There is another option on the table that might be more within the realm of possibility. Instead of a 4-H agent, Dean is hoping the city and county will be able to find a way to at least support a three-quarter time program assistant, for about $21,000. Although it wouldn’t allow the Deans to stay in Socorro, Dean said there would at least be someone available to help the volunteer 4-H leaders have what they need in order to keep the program going for the kids.
“Can the extension office function with just one agent? Probably,” Dean said. “But no one person is going to be able to continue the level of service two agents have been able to provide.”
Even though Socorro County has a small population, it’s currently ranked No. 11 out of 33 counties in terms of the total number of 4-H youth enrolled in the program, Dean said. It’s ranked No. 1 in “special unit” numbers, for programs delivered to local youth who are not enrolled in 4-H, and No. 9 in the state for programs delivered in the schools.
“The first thing that’s really going to be hit is the ag producers, because that one agent will be having to run the 4-H program too,” Dean said. “The kids are always the priority.”
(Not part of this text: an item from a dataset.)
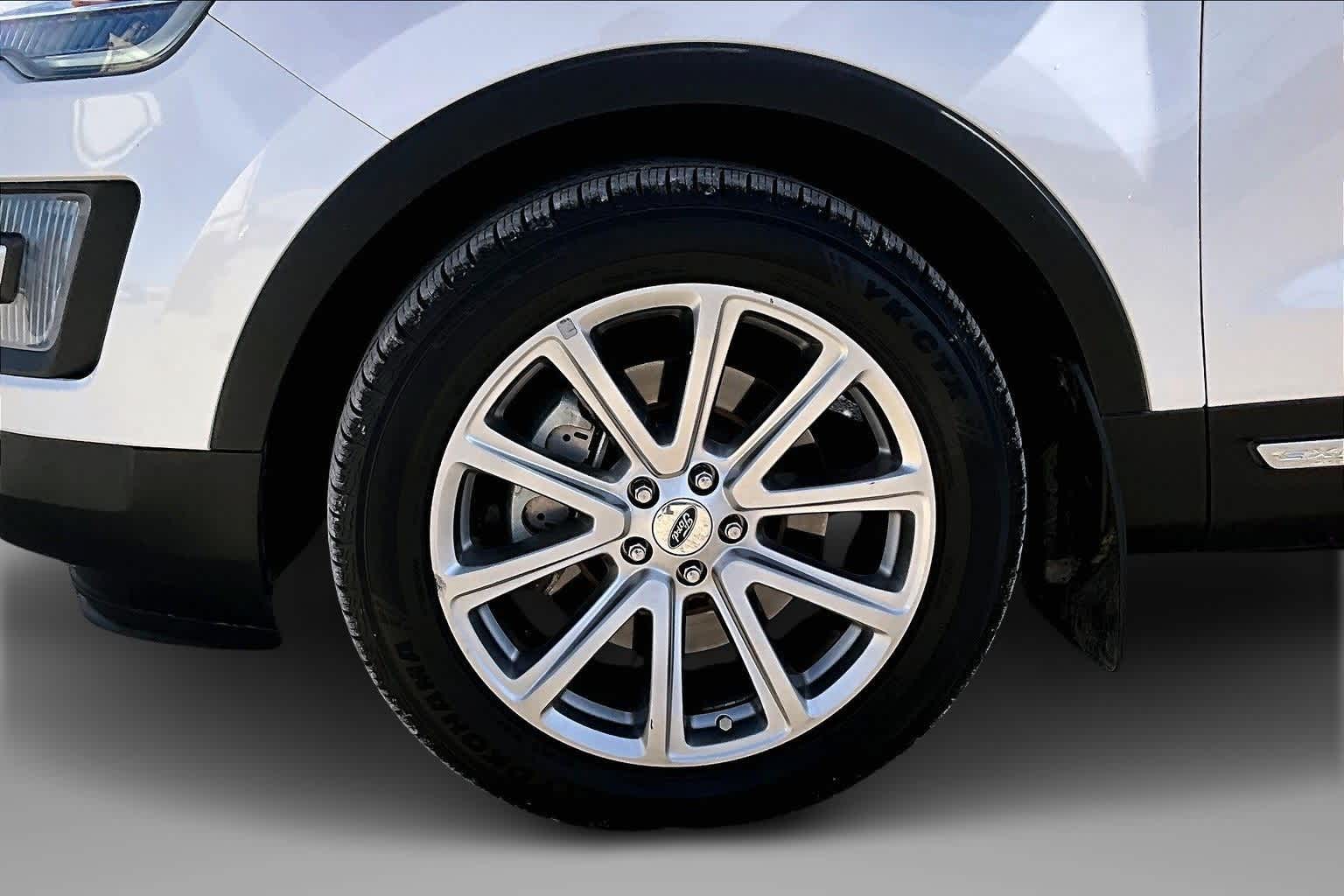 Thumbnail: 2017 Ford Explorer - 8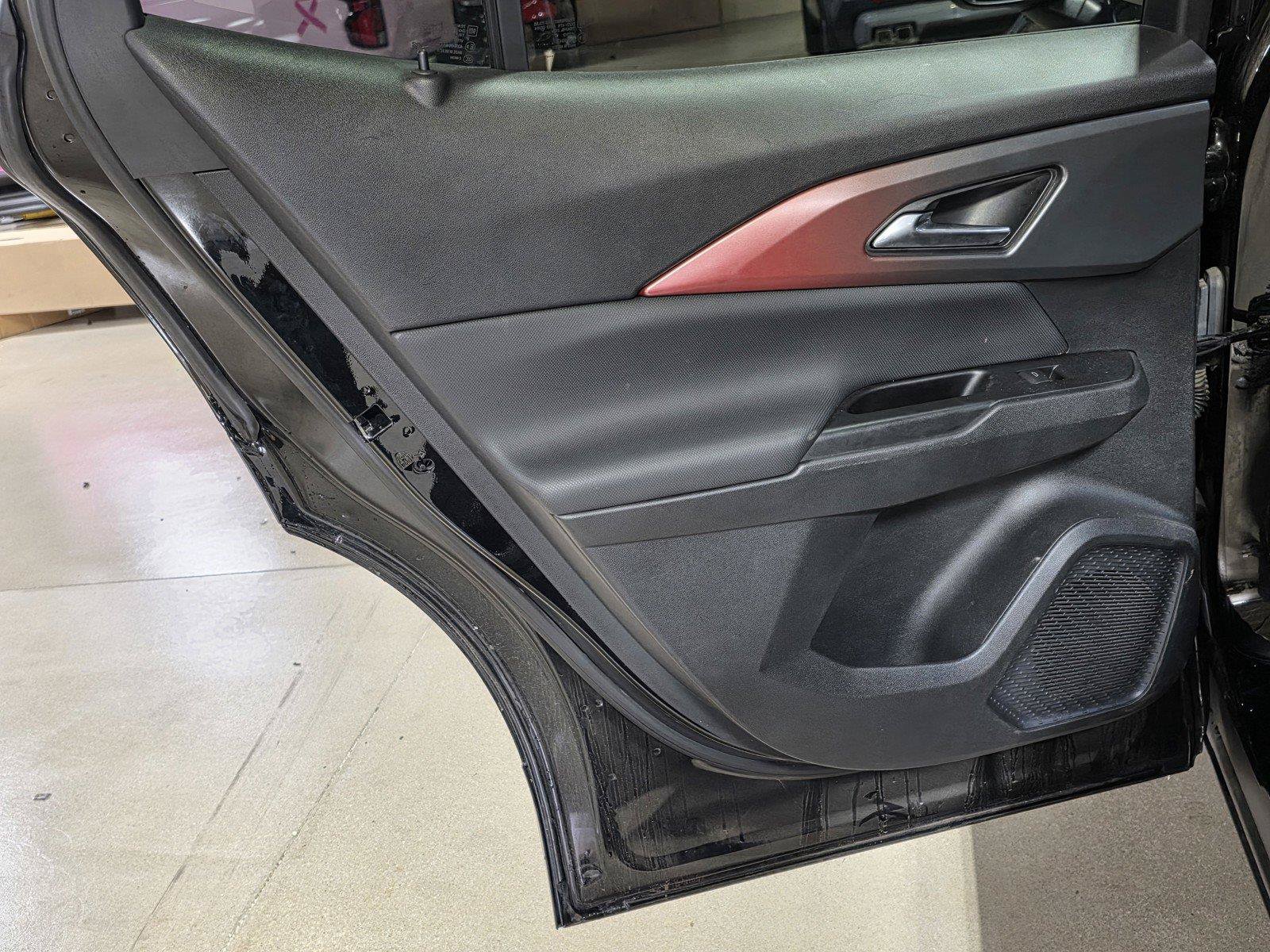 Used 2024 Chevrolet Equinox EV RS FWD image 10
Dean said he’s kind of losing hope of being able to stay here, and has hung a “For Sale By Owner” sign on his fence.
“At this point we’re just fighting to keep 4-H going in Socorro,” he said. “We need to make sure our 4-H families know that they need to be fighting to keep at least a program assistant for the 4-H program.”
Dean said it’s not the agents in the office that make the 4-H program successful.
“It’s successful because of families across the county supporting the agents in what they do,” he said. “That’s the bottom line.”
Also speaking in the public forum section of the city council meeting was Greg Jewczuk of Gibson Circle, who asked the council
why city residents were charged the full amount for trash pick-up for two days last year that garage didn’t get picked up. Jewczuk said when he called the city to inquire, he was told “we don’t pro-rate.”
The two missed pick-ups last year were due to weather conditions, when the garbage trucks couldn’t get into a few areas of the city without the danger of sliding into parked cars or tearing up muddy roads.
Bhasker said the monthly rate charged by the city was not for making up a certain number of pick ups, but for disposal.
“If we didn’t pick it up one week, we picked up two weeks worth the next time,” added City Clerk Pat Salome. “We still disposed of two weeks of garbage.”
Jewczuk said that made sense, but he felt he needed to inquire.
In Other Business
- The council approved a zone change for Bob & Jenny farmer that would allow them to keep horses on their property on Spring Street.
- The council ratified an agreement with Dennis Engineering to continue to act as the city’s engineering consultant for Community Development Block Grant projects.
- Water Superintendent Lloyd Martinez reported that the arsenic treatment plants were back on schedule, after delays caused earlier by weather, with the backwash tank and foundation for the building at Socorro Springs completed, and walls going up on the building at Industrial Well.
- The council approved hiring a new officer for the Socorro Police Department. Eddie Garcia comes to Socorro with 8 1/2 years of experience working at the state penitentiary in Los Lunas.